It’s not Mukuru with high charges. All Domestic remittances are expensive and it’s by design

Some quick math on social media suggested that Mukuru and how charges were inconsistent for domestic remittances. In the post, the math went something like this. 

1/ Stolen…. A) Sending US$450 via Mukuru from Harare to Chipinge you are charged US$23. And the maximum you can send is US$450. That means if I were to send US$1500 I need to pay close to US$100 in Mukuru transfer charges.Alistar Nyamarai Chibanda’s Twitter thread

1/ Stolen….A) Sending US$450 via Mukuru from Harare to Chipinge you are charged US$23. And the maximum you can send is US$450. That means if I were to send US$1500 I need to pay close to US$100 in Mukuru transfer charges.

— Alistar Nyamarai Chibanda (@alistarchibanda) November 1, 2022

To cut on costs he used his UK Mukuru account to send money which worked out cheaper than using a domestic account. 8 Pounds or around US$10 vs US$23 for the same amount.

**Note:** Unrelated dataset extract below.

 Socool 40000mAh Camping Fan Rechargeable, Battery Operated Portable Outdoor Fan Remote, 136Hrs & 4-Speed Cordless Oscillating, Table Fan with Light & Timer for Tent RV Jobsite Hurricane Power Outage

So there are a couple of things we need to make clear on. Domestic remittance taxes that are unique to Zimbabwe (4% IMTT), remittance charges of the operator, and the government of Zimbabwe encouraging inflows of forex via remittances.

2/6 B) Sending US$1500 from UK to Zimbabwe (Chipinge) you are charged only £8 ( approx US$10). PLEASE NOTE: it’s same company charging different transfer charges to send money to the same destination, depending on where you send from.Alistar Nyamarai Chibanda’s Twitter thread

4% IMTT Tax. A Zimbabwean Tax

Mukuru has its operations in a number of regions. It’s an international money transfer business and each region, it operates in has guidelines it’s supposed to comply with. In Zimbabwe, one such guideline is a 4% IMTT tax placed on all domestic foreign currency money transfer services. This means before money transfer agencies take away a single dime, 4% of the amount you are sending goes to the Zimbabwean government. InnBucks charges are 5% with 80% of that going to the government.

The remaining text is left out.